Employee Stock Purchase Plan (ESPP)
A company-sponsored benefit allowing employees to purchase company stock at a discount, typically 15%, through payroll deductions during defined offering periods.
What Is an ESPP?
An Employee Stock Purchase Plan (ESPP) is a benefit program that allows employees to buy their company's stock at a discounted price using after-tax payroll deductions. Most ESPPs that qualify under Section 423 of the Internal Revenue Code offer a discount of up to 15% off the stock's fair market value. Many plans also include a lookback provision that sets the purchase price based on the lower of the stock price at the beginning or end of the offering period — meaning the effective discount can be significantly greater than 15% if the stock price has risen during the period.

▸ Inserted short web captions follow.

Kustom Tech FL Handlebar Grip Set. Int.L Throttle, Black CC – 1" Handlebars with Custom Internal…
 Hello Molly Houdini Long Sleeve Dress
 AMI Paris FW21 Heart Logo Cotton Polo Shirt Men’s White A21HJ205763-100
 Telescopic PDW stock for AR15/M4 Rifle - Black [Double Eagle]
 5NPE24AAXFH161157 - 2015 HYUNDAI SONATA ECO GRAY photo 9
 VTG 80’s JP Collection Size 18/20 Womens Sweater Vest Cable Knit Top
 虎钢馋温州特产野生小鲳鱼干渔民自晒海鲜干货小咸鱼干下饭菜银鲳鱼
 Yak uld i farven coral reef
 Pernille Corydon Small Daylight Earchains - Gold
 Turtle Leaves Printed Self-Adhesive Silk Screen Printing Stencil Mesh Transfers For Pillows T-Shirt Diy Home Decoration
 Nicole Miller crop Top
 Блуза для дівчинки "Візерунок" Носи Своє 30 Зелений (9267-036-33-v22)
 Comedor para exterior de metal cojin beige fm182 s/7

ESPPs are available primarily at public companies (since you need a market price for the stock), though some private companies offer non-qualified ESPPs. For employees at public companies, an ESPP is often one of the most straightforward and low-risk equity benefits available.
How ESPPs Work
Enrollment and Offering Periods
ESPPs operate in defined offering periods, typically six months or one year. During an enrollment window, you elect a percentage of your salary (usually 1% to 15%) to be withheld from each paycheck after taxes. These deductions accumulate in a holding account throughout the offering period.
The Purchase Date
At the end of each offering period (the purchase date), your accumulated payroll deductions are used to buy company stock at the discounted price. The discount is calculated based on the plan's terms — most commonly 15% off the fair market value.
The Lookback Provision
Many Section 423 ESPPs include a lookback provision. Instead of simply applying the discount to the stock price on the purchase date, the plan uses the lower of the stock price on the offering date (the start of the period) or the purchase date. If the stock rose from $50 to $80 during the period, you buy at 85% of $50 = $42.50, even though shares are worth $80. That is an effective discount of nearly 47%.
Contribution Limits
The IRS limits ESPP purchases to $25,000 worth of stock per calendar year, measured by the fair market value of the stock at the start of each offering period. This is a per-employee limit regardless of how many ESPPs you participate in.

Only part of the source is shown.